(Items from a data source)
|---|

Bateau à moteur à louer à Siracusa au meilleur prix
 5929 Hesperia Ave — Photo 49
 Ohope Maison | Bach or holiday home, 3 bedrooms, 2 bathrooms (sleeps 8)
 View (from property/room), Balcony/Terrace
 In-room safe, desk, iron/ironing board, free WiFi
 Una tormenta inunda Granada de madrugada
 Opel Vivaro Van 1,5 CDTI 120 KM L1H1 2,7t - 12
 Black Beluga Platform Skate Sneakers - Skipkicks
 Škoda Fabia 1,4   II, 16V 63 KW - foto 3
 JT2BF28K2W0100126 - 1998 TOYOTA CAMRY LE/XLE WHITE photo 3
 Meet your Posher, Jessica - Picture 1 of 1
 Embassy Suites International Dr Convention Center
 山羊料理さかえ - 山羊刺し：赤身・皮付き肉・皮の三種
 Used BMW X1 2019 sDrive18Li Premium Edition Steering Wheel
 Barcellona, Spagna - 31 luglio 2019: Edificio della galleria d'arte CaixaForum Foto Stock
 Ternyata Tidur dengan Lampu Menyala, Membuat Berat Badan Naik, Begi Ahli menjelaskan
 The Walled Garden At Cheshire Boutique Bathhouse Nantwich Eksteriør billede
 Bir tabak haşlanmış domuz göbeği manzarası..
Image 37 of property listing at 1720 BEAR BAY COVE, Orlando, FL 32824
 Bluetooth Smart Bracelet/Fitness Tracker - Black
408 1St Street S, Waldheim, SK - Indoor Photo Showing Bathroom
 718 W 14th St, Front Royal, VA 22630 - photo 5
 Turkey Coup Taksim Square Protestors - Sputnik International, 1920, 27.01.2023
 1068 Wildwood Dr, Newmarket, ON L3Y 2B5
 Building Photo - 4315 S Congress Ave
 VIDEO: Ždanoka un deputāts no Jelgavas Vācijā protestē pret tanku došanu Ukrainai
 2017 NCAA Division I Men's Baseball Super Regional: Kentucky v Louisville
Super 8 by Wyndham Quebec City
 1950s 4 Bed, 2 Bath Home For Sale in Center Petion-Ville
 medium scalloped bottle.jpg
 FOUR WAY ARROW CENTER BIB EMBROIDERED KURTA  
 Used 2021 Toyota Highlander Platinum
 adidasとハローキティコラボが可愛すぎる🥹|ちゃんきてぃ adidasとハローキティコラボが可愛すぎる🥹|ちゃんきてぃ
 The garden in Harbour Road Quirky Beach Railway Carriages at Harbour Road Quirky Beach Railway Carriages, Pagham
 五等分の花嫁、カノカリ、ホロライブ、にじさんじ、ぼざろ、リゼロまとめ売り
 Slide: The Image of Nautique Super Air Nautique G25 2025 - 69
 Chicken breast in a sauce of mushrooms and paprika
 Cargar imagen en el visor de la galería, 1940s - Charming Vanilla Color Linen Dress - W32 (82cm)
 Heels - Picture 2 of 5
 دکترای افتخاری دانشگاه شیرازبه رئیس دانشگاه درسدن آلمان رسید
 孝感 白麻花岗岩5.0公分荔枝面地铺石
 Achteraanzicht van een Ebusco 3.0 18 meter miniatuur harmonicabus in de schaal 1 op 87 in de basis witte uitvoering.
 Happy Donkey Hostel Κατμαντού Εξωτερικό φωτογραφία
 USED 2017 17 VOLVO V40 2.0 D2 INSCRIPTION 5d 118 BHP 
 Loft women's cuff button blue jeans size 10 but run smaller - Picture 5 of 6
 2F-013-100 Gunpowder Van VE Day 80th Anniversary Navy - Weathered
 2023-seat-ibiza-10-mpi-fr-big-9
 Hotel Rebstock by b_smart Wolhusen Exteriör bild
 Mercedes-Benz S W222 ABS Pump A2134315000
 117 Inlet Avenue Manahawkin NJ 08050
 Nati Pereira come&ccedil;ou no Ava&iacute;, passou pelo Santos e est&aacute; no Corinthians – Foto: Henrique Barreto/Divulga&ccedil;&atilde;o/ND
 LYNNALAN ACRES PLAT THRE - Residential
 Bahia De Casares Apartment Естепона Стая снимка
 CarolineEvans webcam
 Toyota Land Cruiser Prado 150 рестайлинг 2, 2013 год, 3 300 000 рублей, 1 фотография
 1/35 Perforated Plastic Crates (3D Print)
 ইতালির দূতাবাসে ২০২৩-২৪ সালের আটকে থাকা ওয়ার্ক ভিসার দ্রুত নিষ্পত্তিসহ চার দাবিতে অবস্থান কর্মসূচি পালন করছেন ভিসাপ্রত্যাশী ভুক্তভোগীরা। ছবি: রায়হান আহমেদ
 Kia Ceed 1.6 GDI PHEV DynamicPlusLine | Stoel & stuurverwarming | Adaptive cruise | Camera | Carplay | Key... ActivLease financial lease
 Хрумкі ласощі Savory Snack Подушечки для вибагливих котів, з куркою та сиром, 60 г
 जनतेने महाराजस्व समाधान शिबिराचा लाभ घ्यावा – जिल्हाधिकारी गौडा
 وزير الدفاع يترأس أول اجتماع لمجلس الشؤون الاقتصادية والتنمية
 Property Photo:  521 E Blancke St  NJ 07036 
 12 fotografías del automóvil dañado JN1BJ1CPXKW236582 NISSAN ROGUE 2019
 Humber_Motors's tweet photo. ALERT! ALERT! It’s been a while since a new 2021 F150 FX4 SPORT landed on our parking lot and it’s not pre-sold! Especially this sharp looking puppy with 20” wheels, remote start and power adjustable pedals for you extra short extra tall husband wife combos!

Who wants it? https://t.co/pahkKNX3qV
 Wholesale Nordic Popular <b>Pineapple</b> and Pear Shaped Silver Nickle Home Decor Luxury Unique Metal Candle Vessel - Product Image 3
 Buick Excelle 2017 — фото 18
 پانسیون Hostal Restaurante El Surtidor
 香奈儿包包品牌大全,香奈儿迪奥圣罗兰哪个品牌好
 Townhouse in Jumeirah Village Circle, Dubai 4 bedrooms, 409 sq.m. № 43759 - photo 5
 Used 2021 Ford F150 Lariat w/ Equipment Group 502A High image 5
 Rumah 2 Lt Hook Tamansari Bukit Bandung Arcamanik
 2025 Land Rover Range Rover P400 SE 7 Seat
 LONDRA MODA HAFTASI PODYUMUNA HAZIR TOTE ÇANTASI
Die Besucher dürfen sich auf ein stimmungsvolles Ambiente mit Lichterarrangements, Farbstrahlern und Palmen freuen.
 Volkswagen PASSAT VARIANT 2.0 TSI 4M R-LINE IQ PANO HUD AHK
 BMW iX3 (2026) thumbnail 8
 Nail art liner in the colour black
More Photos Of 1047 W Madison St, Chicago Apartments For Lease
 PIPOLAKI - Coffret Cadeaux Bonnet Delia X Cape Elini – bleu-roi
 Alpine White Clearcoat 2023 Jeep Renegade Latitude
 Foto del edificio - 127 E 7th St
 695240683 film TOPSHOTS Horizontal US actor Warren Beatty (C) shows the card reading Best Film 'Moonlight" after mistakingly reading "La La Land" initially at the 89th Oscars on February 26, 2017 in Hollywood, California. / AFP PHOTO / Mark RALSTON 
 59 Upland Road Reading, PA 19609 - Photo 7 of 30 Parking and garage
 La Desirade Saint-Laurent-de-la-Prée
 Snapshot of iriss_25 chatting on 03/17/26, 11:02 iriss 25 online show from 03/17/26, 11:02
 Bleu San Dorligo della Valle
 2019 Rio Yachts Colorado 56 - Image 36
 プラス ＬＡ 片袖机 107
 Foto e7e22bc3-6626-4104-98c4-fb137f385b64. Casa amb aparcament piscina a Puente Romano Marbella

|---|

EXERCISE
Give an exact copy of all the data shown above.

COMPLETED TASK
Bateau à moteur à louer à Siracusa au meilleur prix
 5929 Hesperia Ave — Photo 49
 Ohope Maison | Bach or holiday home, 3 bedrooms, 2 bathrooms (sleeps 8)
 View (from property/room), Balcony/Terrace
 In-room safe, desk, iron/ironing board, free WiFi
 Una tormenta inunda Granada de madrugada
 Opel Vivaro Van 1,5 CDTI 120 KM L1H1 2,7t - 12
 Black Beluga Platform Skate Sneakers - Skipkicks
 Škoda Fabia 1,4   II, 16V 63 KW - foto 3
 JT2BF28K2W0100126 - 1998 TOYOTA CAMRY LE/XLE WHITE photo 3
 Meet your Posher, Jessica - Picture 1 of 1
 Embassy Suites International Dr Convention Center
 山羊料理さかえ - 山羊刺し：赤身・皮付き肉・皮の三種
 Used BMW X1 2019 sDrive18Li Premium Edition Steering Wheel
 Barcellona, Spagna - 31 luglio 2019: Edificio della galleria d'arte CaixaForum Foto Stock
 Ternyata Tidur dengan Lampu Menyala, Membuat Berat Badan Naik, Begi Ahli menjelaskan
 The Walled Garden At Cheshire Boutique Bathhouse Nantwich Eksteriør billede
 Bir tabak haşlanmış domuz göbeği manzarası..
Image 37 of property listing at 1720 BEAR BAY COVE, Orlando, FL 32824
 Bluetooth Smart Bracelet/Fitness Tracker - Black
408 1St Street S, Waldheim, SK - Indoor Photo Showing Bathroom
 718 W 14th St, Front Royal, VA 22630 - photo 5
 Turkey Coup Taksim Square Protestors - Sputnik International, 1920, 27.01.2023
 1068 Wildwood Dr, Newmarket, ON L3Y 2B5
 Building Photo - 4315 S Congress Ave
 VIDEO: Ždanoka un deputāts no Jelgavas Vācijā protestē pret tanku došanu Ukrainai
 2017 NCAA Division I Men's Baseball Super Regional: Kentucky v Louisville
Super 8 by Wyndham Quebec City
 1950s 4 Bed, 2 Bath Home For Sale in Center Petion-Ville
 medium scalloped bottle.jpg
 FOUR WAY ARROW CENTER BIB EMBROIDERED KURTA  
 Used 2021 Toyota Highlander Platinum
 adidasとハローキティコラボが可愛すぎる🥹|ちゃんきてぃ adidasとハローキティコラボが可愛すぎる🥹|ちゃんきてぃ
 The garden in Harbour Road Quirky Beach Railway Carriages at Harbour Road Quirky Beach Railway Carriages, Pagham
 五等分の花嫁、カノカリ、ホロライブ、にじさんじ、ぼざろ、リゼロまとめ売り
 Slide: The Image of Nautique Super Air Nautique G25 2025 - 69
 Chicken breast in a sauce of mushrooms and paprika
 Cargar imagen en el visor de la galería, 1940s - Charming Vanilla Color Linen Dress - W32 (82cm)
 Heels - Picture 2 of 5
 دکترای افتخاری دانشگاه شیرازبه رئیس دانشگاه درسدن آلمان رسید
 孝感 白麻花岗岩5.0公分荔枝面地铺石
 Achteraanzicht van een Ebusco 3.0 18 meter miniatuur harmonicabus in de schaal 1 op 87 in de basis witte uitvoering.
 Happy Donkey Hostel Κατμαντού Εξωτερικό φωτογραφία
 USED 2017 17 VOLVO V40 2.0 D2 INSCRIPTION 5d 118 BHP 
 Loft women's cuff button blue jeans size 10 but run smaller - Picture 5 of 6
 2F-013-100 Gunpowder Van VE Day 80th Anniversary Navy - Weathered
 2023-seat-ibiza-10-mpi-fr-big-9
 Hotel Rebstock by b_smart Wolhusen Exteriör bild
 Mercedes-Benz S W222 ABS Pump A2134315000
 117 Inlet Avenue Manahawkin NJ 08050
 Nati Pereira come&ccedil;ou no Ava&iacute;, passou pelo Santos e est&aacute; no Corinthians – Foto: Henrique Barreto/Divulga&ccedil;&atilde;o/ND
 LYNNALAN ACRES PLAT THRE - Residential
 Bahia De Casares Apartment Естепона Стая снимка
 CarolineEvans webcam
 Toyota Land Cruiser Prado 150 рестайлинг 2, 2013 год, 3 300 000 рублей, 1 фотография
 1/35 Perforated Plastic Crates (3D Print)
 ইতালির দূতাবাসে ২০২৩-২৪ সালের আটকে থাকা ওয়ার্ক ভিসার দ্রুত নিষ্পত্তিসহ চার দাবিতে অবস্থান কর্মসূচি পালন করছেন ভিসাপ্রত্যাশী ভুক্তভোগীরা। ছবি: রায়হান আহমেদ
 Kia Ceed 1.6 GDI PHEV DynamicPlusLine | Stoel & stuurverwarming | Adaptive cruise | Camera | Carplay | Key... ActivLease financial lease
 Хрумкі ласощі Savory Snack Подушечки для вибагливих котів, з куркою та сиром, 60 г
 जनतेने महाराजस्व समाधान शिबिराचा लाभ घ्यावा – जिल्हाधिकारी गौडा
 وزير الدفاع يترأس أول اجتماع لمجلس الشؤون الاقتصادية والتنمية
 Property Photo:  521 E Blancke St  NJ 07036 
 12 fotografías del automóvil dañado JN1BJ1CPXKW236582 NISSAN ROGUE 2019
 Humber_Motors's tweet photo. ALERT! ALERT! It’s been a while since a new 2021 F150 FX4 SPORT landed on our parking lot and it’s not pre-sold! Especially this sharp looking puppy with 20” wheels, remote start and power adjustable pedals for you extra short extra tall husband wife combos!

Who wants it? https://t.co/pahkKNX3qV
 Wholesale Nordic Popular <b>Pineapple</b> and Pear Shaped Silver Nickle Home Decor Luxury Unique Metal Candle Vessel - Product Image 3
 Buick Excelle 2017 — фото 18
 پانسیون Hostal Restaurante El Surtidor
 香奈儿包包品牌大全,香奈儿迪奥圣罗兰哪个品牌好
 Townhouse in Jumeirah Village Circle, Dubai 4 bedrooms, 409 sq.m. № 43759 - photo 5
 Used 2021 Ford F150 Lariat w/ Equipment Group 502A High image 5
 Rumah 2 Lt Hook Tamansari Bukit Bandung Arcamanik
 2025 Land Rover Range Rover P400 SE 7 Seat
 LONDRA MODA HAFTASI PODYUMUNA HAZIR TOTE ÇANTASI
Die Besucher dürfen sich auf ein stimmungsvolles Ambiente mit Lichterarrangements, Farbstrahlern und Palmen freuen.
 Volkswagen PASSAT VARIANT 2.0 TSI 4M R-LINE IQ PANO HUD AHK
 BMW iX3 (2026) thumbnail 8
 Nail art liner in the colour black
More Photos Of 1047 W Madison St, Chicago Apartments For Lease
 PIPOLAKI - Coffret Cadeaux Bonnet Delia X Cape Elini – bleu-roi
 Alpine White Clearcoat 2023 Jeep Renegade Latitude
 Foto del edificio - 127 E 7th St
 695240683 film TOPSHOTS Horizontal US actor Warren Beatty (C) shows the card reading Best Film 'Moonlight" after mistakingly reading "La La Land" initially at the 89th Oscars on February 26, 2017 in Hollywood, California. / AFP PHOTO / Mark RALSTON 
 59 Upland Road Reading, PA 19609 - Photo 7 of 30 Parking and garage
 La Desirade Saint-Laurent-de-la-Prée
 Snapshot of iriss_25 chatting on 03/17/26, 11:02 iriss 25 online show from 03/17/26, 11:02
 Bleu San Dorligo della Valle
 2019 Rio Yachts Colorado 56 - Image 36
 プラス ＬＡ 片袖机 107
 Foto e7e22bc3-6626-4104-98c4-fb137f385b64. Casa amb aparcament piscina a Puente Romano Marbella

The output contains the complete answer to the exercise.